Hi guys, im looking for a list of Italian coffee brands. I was in a cafe in Spain recently and enjoyed a lovely Cortado, made with their Italian brand coffee, but cant for the life of me remember the brand.

Thanks for any help.


----------



## DavecUK (Aug 6, 2013)

shinsplint said:


> Hi guys, im looking for a list of Italian coffee brands. I was in a cafe in Spain recently and enjoyed a lovely Cortado, but cant for the life of me remember the name of the coffee.
> 
> Thanks for any help.


Well the best help I can give you is..don't bother, you can get even better coffees from your local UK artisan roasters. I don't think any of the large or even medium sized Italian brands are going to be fantastic. In part because of the way many will treat their coffee. A lot of them simply poke a hole in the foil bag to stop it exploding, no one way valve and coffee can be months old.


----------



## shinsplint (Oct 18, 2012)

I generally have the same attitude Dave, but I was surprised just how good this particular coffee was.

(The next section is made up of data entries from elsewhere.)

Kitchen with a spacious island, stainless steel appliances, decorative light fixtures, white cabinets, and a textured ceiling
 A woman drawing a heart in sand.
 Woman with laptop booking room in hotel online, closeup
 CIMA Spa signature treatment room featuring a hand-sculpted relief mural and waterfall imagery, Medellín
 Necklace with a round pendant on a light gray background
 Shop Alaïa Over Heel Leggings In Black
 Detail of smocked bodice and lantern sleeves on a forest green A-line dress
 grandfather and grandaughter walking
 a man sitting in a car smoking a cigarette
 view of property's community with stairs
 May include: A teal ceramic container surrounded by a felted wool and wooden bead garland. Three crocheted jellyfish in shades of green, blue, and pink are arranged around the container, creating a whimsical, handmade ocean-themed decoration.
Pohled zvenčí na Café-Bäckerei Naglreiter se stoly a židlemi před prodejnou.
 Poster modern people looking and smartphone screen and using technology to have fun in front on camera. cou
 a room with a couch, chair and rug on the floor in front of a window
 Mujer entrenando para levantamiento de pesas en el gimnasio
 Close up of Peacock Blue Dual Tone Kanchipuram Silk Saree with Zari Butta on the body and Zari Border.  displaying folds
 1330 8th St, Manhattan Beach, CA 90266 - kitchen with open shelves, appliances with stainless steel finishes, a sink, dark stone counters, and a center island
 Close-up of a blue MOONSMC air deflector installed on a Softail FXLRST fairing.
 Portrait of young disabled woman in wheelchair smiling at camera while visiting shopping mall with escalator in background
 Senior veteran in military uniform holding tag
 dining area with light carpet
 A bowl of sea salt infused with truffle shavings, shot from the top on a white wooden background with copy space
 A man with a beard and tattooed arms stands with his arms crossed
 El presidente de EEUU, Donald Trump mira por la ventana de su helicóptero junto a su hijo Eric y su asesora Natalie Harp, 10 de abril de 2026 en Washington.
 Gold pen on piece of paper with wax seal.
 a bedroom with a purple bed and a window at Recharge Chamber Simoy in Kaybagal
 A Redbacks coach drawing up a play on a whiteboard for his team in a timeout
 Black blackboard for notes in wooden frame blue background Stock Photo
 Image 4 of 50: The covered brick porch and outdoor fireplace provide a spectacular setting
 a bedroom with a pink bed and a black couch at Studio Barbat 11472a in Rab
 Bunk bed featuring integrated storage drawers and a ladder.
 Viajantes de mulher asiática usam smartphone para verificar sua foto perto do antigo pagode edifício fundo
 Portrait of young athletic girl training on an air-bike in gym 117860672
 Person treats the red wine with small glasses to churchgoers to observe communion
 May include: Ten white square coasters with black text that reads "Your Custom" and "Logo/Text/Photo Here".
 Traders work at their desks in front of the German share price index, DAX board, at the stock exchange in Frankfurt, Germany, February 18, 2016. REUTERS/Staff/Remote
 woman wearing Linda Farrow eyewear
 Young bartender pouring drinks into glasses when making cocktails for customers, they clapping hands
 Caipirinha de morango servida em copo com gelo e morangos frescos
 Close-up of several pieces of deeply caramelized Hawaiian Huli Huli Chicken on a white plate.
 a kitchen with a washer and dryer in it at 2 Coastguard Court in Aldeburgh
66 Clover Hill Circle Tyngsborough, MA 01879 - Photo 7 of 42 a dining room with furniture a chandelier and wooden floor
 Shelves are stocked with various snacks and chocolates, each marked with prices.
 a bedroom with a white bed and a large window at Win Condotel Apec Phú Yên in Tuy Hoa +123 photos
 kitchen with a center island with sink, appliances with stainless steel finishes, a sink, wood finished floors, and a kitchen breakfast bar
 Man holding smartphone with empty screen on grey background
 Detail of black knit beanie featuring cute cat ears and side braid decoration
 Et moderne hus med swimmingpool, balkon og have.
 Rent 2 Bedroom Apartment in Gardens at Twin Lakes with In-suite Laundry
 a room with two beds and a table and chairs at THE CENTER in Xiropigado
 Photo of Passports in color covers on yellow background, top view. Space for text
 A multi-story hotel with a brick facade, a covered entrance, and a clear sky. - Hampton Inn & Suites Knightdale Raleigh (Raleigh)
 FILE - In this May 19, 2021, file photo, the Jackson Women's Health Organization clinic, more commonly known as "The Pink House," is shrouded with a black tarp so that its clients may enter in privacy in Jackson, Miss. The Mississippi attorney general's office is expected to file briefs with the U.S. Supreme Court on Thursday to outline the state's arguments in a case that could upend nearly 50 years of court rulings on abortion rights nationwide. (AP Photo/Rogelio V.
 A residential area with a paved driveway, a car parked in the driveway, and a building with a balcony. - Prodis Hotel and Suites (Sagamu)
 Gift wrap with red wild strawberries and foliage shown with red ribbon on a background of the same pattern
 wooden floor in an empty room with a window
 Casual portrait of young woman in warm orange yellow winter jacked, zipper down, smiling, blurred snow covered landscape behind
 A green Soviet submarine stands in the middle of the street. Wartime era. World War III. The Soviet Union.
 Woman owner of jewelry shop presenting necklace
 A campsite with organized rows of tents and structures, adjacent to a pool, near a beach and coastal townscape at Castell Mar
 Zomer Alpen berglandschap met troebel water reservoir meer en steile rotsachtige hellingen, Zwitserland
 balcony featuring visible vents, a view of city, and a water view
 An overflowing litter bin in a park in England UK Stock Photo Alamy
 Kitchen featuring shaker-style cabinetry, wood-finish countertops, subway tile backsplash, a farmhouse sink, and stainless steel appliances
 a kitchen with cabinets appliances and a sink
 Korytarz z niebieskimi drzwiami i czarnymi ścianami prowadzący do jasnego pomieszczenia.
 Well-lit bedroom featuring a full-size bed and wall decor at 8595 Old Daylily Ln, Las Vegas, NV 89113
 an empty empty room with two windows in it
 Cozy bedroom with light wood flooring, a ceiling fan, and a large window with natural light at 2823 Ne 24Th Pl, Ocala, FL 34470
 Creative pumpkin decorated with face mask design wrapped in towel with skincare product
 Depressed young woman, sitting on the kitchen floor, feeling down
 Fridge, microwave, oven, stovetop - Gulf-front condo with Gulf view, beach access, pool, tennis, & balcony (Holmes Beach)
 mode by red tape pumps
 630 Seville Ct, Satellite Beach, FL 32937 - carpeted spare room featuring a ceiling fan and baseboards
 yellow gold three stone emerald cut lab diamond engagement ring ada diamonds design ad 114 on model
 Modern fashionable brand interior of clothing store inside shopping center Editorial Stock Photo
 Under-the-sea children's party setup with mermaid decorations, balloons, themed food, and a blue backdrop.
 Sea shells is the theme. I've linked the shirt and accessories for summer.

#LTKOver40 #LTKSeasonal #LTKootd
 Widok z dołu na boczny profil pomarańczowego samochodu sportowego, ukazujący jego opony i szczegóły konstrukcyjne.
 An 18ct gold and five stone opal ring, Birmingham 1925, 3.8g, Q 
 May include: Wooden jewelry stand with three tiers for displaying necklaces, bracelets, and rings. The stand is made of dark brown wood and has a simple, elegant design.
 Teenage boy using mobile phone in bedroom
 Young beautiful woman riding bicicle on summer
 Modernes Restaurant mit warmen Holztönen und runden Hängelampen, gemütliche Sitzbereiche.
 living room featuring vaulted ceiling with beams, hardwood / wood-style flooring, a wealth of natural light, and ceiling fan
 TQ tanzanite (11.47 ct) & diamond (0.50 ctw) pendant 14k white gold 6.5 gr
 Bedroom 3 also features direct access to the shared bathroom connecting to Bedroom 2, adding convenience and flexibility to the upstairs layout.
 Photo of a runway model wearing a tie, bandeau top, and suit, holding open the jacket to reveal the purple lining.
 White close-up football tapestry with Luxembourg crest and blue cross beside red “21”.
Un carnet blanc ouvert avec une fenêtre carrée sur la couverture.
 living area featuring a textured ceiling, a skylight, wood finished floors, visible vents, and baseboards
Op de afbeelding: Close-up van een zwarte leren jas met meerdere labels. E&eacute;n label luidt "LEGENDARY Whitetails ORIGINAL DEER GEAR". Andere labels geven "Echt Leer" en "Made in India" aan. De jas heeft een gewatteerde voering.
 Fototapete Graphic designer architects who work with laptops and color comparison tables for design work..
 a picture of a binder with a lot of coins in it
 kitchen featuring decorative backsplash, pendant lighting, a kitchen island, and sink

I've only used Rave coffee for a few months now and said I wouldnt bother looking for anything else, its only this Italian stuff thats swaying me.


----------



## DavecUK (Aug 6, 2013)

shinsplint said:


> I generally have the same attitude Dave, but I was surprised just how good this particular coffee was.
> 
> I've only used Rave coffee for a few months now and said I wouldnt bother looking for anything else, its only this Italian stuff thats swaying me.


just don't.....don't...it could even be 40% robusta, which would be sad. However, do you remember anything about the packaging...anything at all.


----------